577 Individual behavioural counselling helps people to quit smoking

April 24, 2018

written by Brian McAvoy

Clinical question


Compared with no treatment or brief advice, how effective is individual behavioural counselling in promoting smoking cessation?

Bottom line


There was high-quality evidence that individually delivered smoking cessation counselling assisted smokers to quit. Individual counselling increased the chances of quitting by between 40% and 80%, compared with minimal support. There was moderate-quality evidence of a smaller relative benefit when counselling was used in addition to pharma­cotherapy, compared with people using pharmacotherapy alone. There is a suggestion intensive counselling may be better, when compared with a brief counselling interven­tion. The few studies that compared different types of counselling did not show any differences between them.

Caveat


Almost half of the trials recruited people in hospital set­tings, but there was no evidence of heterogeneity of results in different settings. There was a range of smoking cessation counsellors, including health educators and psychologists.

Context


Individual counselling is commonly used to help people who are trying to quit smoking. The review looked at trials of counselling by a trained therapist providing one or more face-to-face sessions, separate from medical care. The outcome was being a non-smoker at least 6 months later.

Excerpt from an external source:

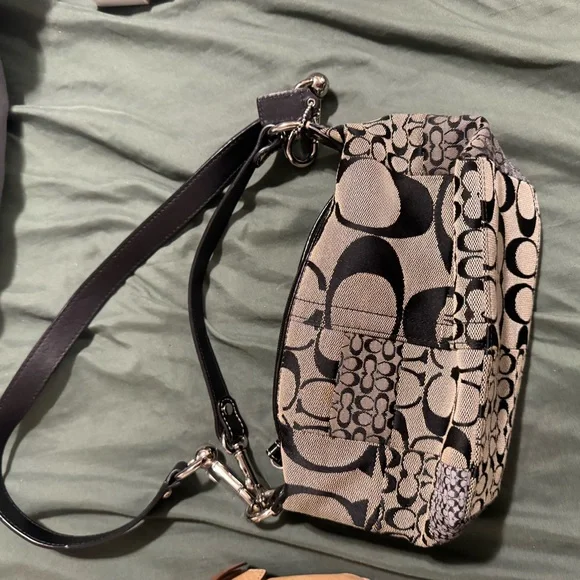 Coach Signature Canvas Satchel and Wristlet Set in Tan and Black Vintage Bundle! - Picture 3 of 8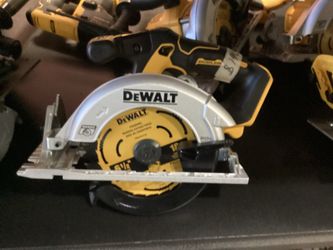 Dewalt 20v XR Brushless 6 1/2” Circular Saw (Tool-Only) $190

Cochrane Systematic Review


Lancaster T and Stead LF. Individual behavioural counsel­ling for smoking cessation. Cochrane Reviews, 2017, Issue 3. Art. No.: CD001292.DOI: 10.1002/14651858. CD001292.pub3. This review contains 49 studies involving around 19,000 participants.

Pearls are an independent product of the Cochrane primary care group and are meant for educational use and not to guide clinical care.